The grant, if accepted, will provide funding for the hiring of two additional full-time fire fighters.

The SAFER Grant was created to provide funding directly to fire departments and volunteer fire interest organizations in order to help them increase the number of trained “front-line” firefighters available in their communities. The goal of the grant is to enhance the local fire departments’ abilities to comply with staffing, response and operational standards. SAFER funds assist local fire departments to increase their staffing and deployment capabilities in order to respond to emergencies when they occur.

Federal funding will cover the cost of hiring the two full-time employees for two years. The Town of Nashville is required to pick up those costs for the third year. The grant would pay $168,867 over the first two years.

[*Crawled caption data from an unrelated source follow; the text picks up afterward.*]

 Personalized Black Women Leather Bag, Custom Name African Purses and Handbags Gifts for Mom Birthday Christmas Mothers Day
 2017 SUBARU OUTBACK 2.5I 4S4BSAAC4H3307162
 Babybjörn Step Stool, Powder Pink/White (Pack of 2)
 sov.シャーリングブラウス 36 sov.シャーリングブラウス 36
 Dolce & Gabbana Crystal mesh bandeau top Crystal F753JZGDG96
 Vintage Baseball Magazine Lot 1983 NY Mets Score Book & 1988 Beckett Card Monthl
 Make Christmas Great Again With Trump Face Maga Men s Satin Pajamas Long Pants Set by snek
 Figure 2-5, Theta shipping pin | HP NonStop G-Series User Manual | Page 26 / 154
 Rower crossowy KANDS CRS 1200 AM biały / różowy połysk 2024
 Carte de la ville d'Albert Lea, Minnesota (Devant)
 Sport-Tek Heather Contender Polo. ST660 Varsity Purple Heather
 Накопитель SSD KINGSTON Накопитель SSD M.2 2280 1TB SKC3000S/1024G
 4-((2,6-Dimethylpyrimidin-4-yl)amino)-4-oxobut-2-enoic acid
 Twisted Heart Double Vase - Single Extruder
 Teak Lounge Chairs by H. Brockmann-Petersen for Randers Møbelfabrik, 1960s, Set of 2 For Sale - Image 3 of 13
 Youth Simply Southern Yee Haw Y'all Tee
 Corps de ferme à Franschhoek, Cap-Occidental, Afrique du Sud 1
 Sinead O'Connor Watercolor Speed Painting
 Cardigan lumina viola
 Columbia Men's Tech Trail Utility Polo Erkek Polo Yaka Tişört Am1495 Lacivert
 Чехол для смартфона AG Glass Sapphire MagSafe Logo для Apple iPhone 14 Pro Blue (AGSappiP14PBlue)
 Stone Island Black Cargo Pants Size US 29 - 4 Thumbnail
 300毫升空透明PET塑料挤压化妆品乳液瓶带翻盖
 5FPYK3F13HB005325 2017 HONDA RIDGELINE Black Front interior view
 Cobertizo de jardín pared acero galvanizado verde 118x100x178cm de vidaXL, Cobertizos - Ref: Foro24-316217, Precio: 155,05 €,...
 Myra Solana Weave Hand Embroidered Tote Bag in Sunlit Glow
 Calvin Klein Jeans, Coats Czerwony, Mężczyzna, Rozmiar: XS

Being able to hire two additional staff members will allow the department to replace its brush truck with a multi-purpose vehicle. That vehicle will serve as a brush truck and EMS vehicle, handling first responder calls. The multi-purpose vehicle will also handle wildland calls.

The two additional personnel would work 24-hours shifts, Monday through Friday. The multi-purpose vehicle would then be utilized to responding to medical events, preventing as much wear and tear on the engine truck which currently makes those calls. Currently, around 70 percent of the department’s calls are medical calls.

The town has not officially accepted the grant funding yet. Town Manager Preston Mitchell said staff are currently working on the town’s upcoming budget and wanted to be sure the town would be able to take on the cost after the first two years. Until that was decided, Mitchell said he and Nashville Fire Chief Tim Pope would not feel comfortable commenting on the grant.